In light of this, I’d say everyone, regardless of gender, should think about the risks before enlisting in the military. I know I won’t enlist as long as the problem continues. Not just because of the danger, but because I refuse to be part of an institution where rape is an occupation hazard.

That’s not hyperbole, not a slick phrase I made up — it’s an actual judge’s words, based the number and frequency of assaults, from a 2011 lawsuit against Donald Rumsfeld and Robert Gates.

“If they actually had systems of accountability that prosecuted and imprisoned perpetrators, you would get rid of the rapes right away,” said attorney Susan Burke, who represented the plaintiffs — 28 veterans who were raped during their military service — in the 2011 lawsuit.

I don’t know that I’d go so far as to say a new system would end rapes entirely – it should be based off the civilian criminal justice system, and sexual violence is still a serious issue outside of the military. But it would certainly be better.

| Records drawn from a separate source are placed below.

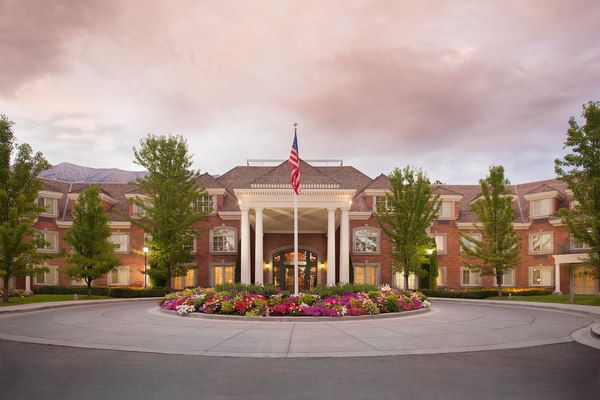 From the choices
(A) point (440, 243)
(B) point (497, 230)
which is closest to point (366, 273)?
(A) point (440, 243)

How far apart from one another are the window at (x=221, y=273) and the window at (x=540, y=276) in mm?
26920

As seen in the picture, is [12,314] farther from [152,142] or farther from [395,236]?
[395,236]

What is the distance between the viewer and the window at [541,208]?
146 ft

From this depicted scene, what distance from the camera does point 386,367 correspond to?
33.1ft

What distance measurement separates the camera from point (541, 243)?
147 ft

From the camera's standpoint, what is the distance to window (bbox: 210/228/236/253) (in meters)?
45.7

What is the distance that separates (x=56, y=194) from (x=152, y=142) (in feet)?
45.8

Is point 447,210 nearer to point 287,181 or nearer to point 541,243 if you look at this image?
point 541,243

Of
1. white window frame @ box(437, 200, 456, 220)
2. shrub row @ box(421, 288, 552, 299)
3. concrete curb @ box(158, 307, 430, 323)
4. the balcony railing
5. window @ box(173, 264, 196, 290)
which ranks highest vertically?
white window frame @ box(437, 200, 456, 220)

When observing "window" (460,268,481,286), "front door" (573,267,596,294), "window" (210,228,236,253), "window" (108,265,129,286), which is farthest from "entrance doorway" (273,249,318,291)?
"front door" (573,267,596,294)

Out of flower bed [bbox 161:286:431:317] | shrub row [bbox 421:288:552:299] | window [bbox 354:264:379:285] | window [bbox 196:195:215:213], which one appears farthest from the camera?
window [bbox 196:195:215:213]

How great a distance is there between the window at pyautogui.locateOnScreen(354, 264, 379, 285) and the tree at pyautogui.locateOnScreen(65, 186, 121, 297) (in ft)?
67.8

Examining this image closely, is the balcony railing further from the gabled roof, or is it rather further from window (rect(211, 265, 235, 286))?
window (rect(211, 265, 235, 286))

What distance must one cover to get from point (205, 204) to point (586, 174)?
30552 mm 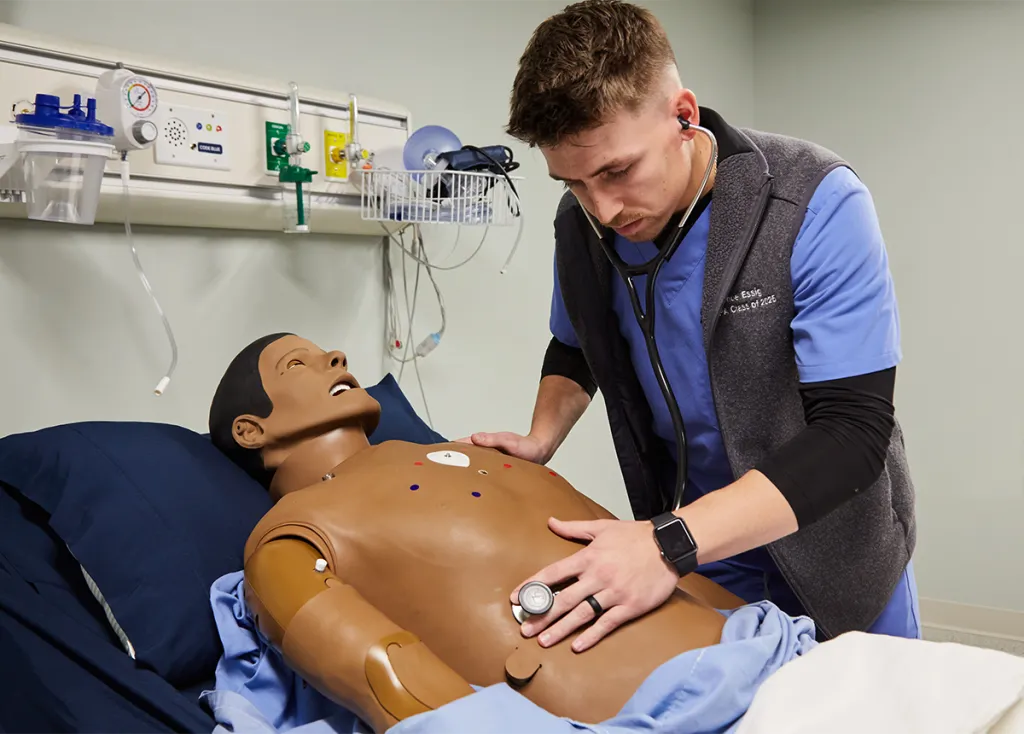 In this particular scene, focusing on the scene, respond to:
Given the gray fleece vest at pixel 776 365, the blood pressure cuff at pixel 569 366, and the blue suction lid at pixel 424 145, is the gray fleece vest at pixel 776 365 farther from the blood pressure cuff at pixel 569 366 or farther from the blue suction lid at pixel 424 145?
the blue suction lid at pixel 424 145

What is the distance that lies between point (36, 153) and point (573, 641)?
42.3 inches

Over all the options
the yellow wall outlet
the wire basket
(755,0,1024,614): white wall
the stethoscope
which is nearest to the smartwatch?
the stethoscope

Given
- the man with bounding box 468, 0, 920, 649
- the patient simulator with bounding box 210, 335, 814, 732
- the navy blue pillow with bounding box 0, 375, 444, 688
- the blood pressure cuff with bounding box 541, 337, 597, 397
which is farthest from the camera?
the blood pressure cuff with bounding box 541, 337, 597, 397

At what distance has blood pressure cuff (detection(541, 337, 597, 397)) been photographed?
176 cm

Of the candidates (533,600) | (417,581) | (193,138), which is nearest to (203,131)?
(193,138)

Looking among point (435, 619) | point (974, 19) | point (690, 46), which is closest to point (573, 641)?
point (435, 619)

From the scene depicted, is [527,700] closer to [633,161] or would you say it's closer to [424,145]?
[633,161]

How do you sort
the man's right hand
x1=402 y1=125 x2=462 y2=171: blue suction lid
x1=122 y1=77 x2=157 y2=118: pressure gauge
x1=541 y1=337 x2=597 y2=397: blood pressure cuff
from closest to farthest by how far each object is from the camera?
x1=122 y1=77 x2=157 y2=118: pressure gauge < the man's right hand < x1=541 y1=337 x2=597 y2=397: blood pressure cuff < x1=402 y1=125 x2=462 y2=171: blue suction lid

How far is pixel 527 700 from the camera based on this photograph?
3.27ft

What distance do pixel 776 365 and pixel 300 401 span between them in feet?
2.52

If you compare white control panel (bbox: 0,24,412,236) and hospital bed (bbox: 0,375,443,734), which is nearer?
hospital bed (bbox: 0,375,443,734)

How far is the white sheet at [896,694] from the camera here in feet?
2.95

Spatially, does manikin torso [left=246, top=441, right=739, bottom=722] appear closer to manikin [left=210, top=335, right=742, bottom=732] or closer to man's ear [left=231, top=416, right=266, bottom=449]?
manikin [left=210, top=335, right=742, bottom=732]

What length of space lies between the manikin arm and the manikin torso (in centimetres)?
8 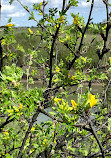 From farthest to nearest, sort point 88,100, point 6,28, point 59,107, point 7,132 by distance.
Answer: point 7,132 → point 6,28 → point 59,107 → point 88,100

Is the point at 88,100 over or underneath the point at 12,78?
underneath

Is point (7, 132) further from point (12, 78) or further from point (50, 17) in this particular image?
point (12, 78)

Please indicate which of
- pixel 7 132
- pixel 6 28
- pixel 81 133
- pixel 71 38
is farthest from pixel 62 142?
pixel 6 28

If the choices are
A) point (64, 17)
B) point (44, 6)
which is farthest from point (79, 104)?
point (44, 6)

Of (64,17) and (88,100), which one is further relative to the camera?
(64,17)

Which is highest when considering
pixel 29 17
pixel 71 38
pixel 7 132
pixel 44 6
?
pixel 44 6

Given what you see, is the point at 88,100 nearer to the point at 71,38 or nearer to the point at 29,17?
the point at 29,17

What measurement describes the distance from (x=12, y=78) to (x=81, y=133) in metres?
1.57

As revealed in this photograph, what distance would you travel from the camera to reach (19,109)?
1.23 metres

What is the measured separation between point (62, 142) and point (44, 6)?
57.9 inches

The current system has failed most veterans who turned to it at every step of the way.

It’s failed at preventing assaults; it’s failed at offering comfortable reporting of them; it’s failed at prosecuting assault cases; it’s failed at punishing those convicted in accordance with their crime; and it’s failed at treating survivors’ mental and physical scars as a result of their military sexual trauma.

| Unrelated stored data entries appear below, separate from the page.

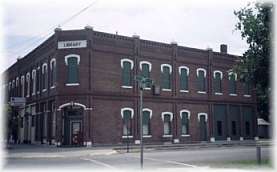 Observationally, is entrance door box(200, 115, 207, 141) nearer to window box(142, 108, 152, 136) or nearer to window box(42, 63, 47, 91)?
window box(142, 108, 152, 136)

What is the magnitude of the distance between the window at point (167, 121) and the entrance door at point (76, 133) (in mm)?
8658

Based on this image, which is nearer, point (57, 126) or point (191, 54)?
point (57, 126)

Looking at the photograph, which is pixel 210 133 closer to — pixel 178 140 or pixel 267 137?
pixel 178 140

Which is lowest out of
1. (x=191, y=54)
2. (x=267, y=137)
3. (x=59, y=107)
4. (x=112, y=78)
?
(x=267, y=137)

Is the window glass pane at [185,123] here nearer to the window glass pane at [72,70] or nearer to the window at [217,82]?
the window at [217,82]

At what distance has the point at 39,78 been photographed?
39.3 m

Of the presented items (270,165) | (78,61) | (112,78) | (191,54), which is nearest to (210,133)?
(191,54)

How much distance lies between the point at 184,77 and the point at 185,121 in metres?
4.44

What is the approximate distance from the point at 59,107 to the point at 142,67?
860 centimetres

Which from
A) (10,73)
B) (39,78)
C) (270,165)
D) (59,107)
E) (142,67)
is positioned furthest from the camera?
(10,73)

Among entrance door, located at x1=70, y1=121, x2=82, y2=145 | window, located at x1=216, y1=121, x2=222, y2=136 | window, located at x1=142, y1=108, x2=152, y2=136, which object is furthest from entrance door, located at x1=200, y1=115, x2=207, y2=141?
entrance door, located at x1=70, y1=121, x2=82, y2=145

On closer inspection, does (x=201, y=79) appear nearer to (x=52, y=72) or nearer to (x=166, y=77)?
(x=166, y=77)

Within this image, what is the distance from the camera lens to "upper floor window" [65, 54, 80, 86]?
33.6m

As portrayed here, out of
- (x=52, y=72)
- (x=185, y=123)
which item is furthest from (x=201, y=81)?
(x=52, y=72) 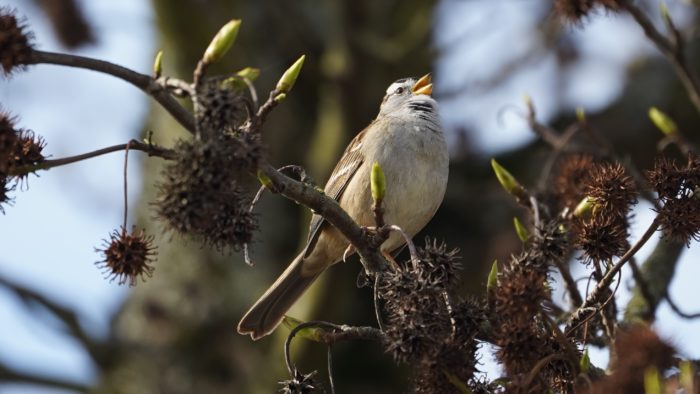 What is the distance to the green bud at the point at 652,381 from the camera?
2.01 metres

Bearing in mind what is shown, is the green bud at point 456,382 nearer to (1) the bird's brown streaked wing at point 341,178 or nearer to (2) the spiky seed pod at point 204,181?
(2) the spiky seed pod at point 204,181

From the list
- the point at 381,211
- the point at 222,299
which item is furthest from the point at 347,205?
the point at 222,299

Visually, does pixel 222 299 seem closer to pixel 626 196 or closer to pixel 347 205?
pixel 347 205

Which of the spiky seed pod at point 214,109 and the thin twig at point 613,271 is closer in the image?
the spiky seed pod at point 214,109

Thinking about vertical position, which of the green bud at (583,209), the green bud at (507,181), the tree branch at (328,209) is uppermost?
the green bud at (507,181)

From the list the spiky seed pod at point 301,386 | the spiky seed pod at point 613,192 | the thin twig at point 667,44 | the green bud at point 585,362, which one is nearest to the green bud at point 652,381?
the green bud at point 585,362

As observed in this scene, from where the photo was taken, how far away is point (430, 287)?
2580mm

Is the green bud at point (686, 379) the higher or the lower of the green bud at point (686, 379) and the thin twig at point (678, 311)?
the lower

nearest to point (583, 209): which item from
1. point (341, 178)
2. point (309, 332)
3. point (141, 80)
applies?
point (309, 332)

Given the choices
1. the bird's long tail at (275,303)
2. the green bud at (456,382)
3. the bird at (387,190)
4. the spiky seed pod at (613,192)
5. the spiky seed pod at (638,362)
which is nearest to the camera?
the spiky seed pod at (638,362)

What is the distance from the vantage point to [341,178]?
5.07 meters

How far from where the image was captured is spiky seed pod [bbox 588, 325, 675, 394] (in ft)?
7.22

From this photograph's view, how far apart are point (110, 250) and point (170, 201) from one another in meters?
0.31

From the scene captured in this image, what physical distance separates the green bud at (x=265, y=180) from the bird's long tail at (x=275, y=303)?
1.66 metres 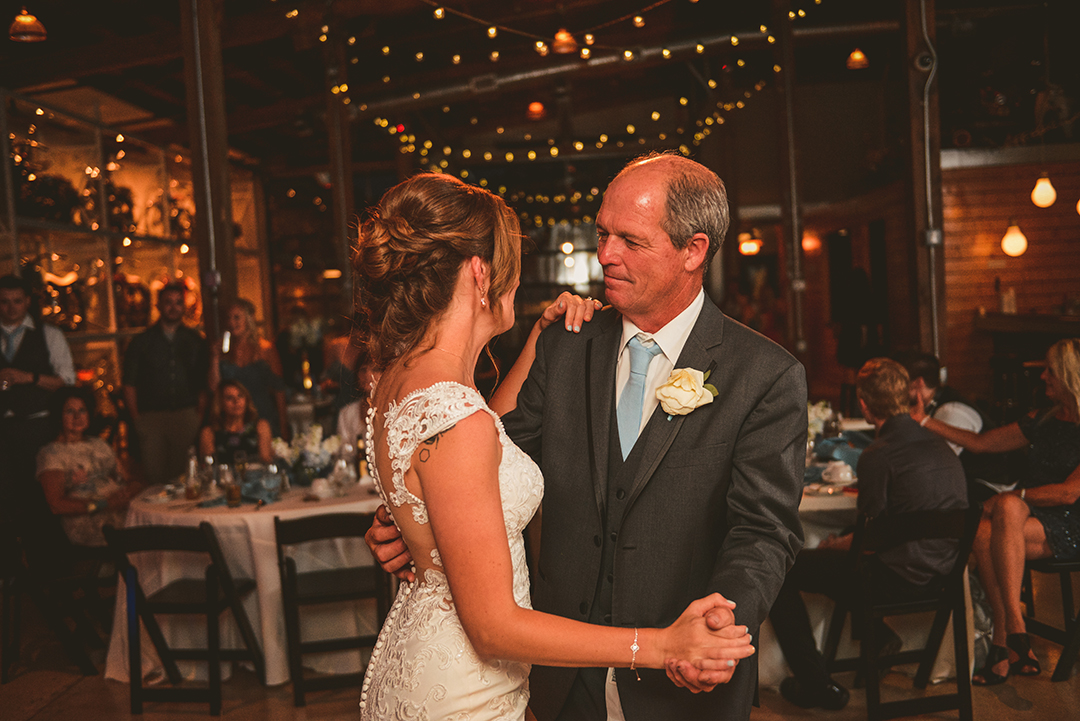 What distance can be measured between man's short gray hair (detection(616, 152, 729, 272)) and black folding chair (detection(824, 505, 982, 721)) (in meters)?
1.84

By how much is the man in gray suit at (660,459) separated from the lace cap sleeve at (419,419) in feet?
1.00

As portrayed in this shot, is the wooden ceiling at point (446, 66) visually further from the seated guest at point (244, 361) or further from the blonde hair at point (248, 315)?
the seated guest at point (244, 361)

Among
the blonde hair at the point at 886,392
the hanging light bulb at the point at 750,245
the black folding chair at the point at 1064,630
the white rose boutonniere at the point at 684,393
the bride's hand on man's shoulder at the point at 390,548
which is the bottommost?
the black folding chair at the point at 1064,630

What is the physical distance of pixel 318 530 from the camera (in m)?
3.58

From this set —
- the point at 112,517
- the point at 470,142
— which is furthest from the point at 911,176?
the point at 470,142

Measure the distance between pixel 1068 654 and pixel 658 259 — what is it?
10.2 ft

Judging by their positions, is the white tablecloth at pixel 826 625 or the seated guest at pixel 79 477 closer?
the white tablecloth at pixel 826 625

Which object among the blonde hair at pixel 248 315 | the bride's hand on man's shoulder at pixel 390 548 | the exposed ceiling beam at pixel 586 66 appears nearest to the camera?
the bride's hand on man's shoulder at pixel 390 548

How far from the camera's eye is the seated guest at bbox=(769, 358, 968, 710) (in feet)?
11.1

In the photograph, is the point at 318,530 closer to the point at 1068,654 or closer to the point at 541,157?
the point at 1068,654

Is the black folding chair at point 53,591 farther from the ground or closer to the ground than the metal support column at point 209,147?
closer to the ground

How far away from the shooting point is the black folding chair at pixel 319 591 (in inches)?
141

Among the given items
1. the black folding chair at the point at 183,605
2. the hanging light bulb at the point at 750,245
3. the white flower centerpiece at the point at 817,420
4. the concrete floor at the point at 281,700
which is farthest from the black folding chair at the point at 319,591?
the hanging light bulb at the point at 750,245

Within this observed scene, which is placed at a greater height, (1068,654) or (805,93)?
(805,93)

The civilian criminal system is not without its flaws — look at the absurdly lenient sentences of the Steubenville rapists, or the grotesque case of the Central Park Five (teenagers of color wrongly convicted in the 1989 rape of a white woman).

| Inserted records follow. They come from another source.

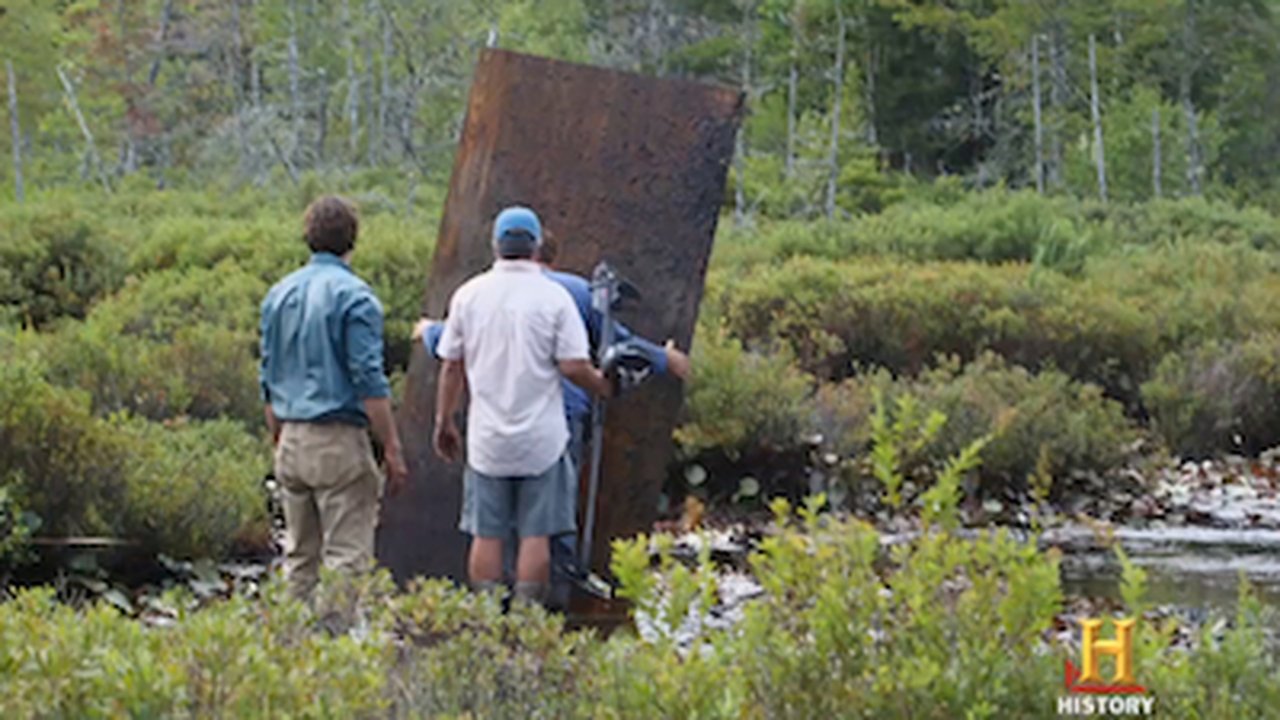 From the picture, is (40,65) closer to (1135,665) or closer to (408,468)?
(408,468)

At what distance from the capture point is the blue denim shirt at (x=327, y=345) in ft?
24.9

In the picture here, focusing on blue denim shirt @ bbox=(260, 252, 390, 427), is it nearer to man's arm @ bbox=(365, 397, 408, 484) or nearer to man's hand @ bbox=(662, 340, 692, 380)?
man's arm @ bbox=(365, 397, 408, 484)

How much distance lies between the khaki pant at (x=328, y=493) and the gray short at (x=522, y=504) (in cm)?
42

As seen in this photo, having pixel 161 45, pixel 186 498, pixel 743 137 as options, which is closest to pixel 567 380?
pixel 186 498

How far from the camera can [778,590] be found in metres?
4.89

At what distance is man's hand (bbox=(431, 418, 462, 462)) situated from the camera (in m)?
7.97

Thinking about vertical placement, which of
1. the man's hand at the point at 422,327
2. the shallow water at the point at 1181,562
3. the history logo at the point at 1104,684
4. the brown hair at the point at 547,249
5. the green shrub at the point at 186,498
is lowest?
the shallow water at the point at 1181,562

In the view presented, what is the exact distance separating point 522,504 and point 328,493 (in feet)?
2.54

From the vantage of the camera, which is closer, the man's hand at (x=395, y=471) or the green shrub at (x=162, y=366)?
the man's hand at (x=395, y=471)

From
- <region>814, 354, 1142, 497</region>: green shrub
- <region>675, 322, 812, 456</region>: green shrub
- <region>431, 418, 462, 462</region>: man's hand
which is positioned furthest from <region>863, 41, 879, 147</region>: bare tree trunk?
<region>431, 418, 462, 462</region>: man's hand

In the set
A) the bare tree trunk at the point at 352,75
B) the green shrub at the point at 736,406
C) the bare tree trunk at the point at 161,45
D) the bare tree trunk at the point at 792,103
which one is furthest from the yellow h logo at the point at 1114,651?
the bare tree trunk at the point at 161,45

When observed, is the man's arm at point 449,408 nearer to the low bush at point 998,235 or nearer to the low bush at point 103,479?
the low bush at point 103,479

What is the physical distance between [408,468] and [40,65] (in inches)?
1758

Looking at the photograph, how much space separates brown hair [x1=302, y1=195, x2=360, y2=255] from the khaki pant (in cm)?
71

But it’s still an improvement over the current military system, and it’s long past time for the military brass to swallow their pride and adopt a new system – or for the government to compel them to do so through legislative mandate.

Each day last year, an average of 38 men and 33 women in our armed forces were sexually assaulted by those they served with.

They’d each made the noblest choice an American can make — stepping up to risk their lives in our defense.

I’m hard-pressed to think how their commanders, as well as our collective response to the problem, could have let them down more.

For an in-depth view into this crisis, watch “The Invisible War,” available on Netflix Instant.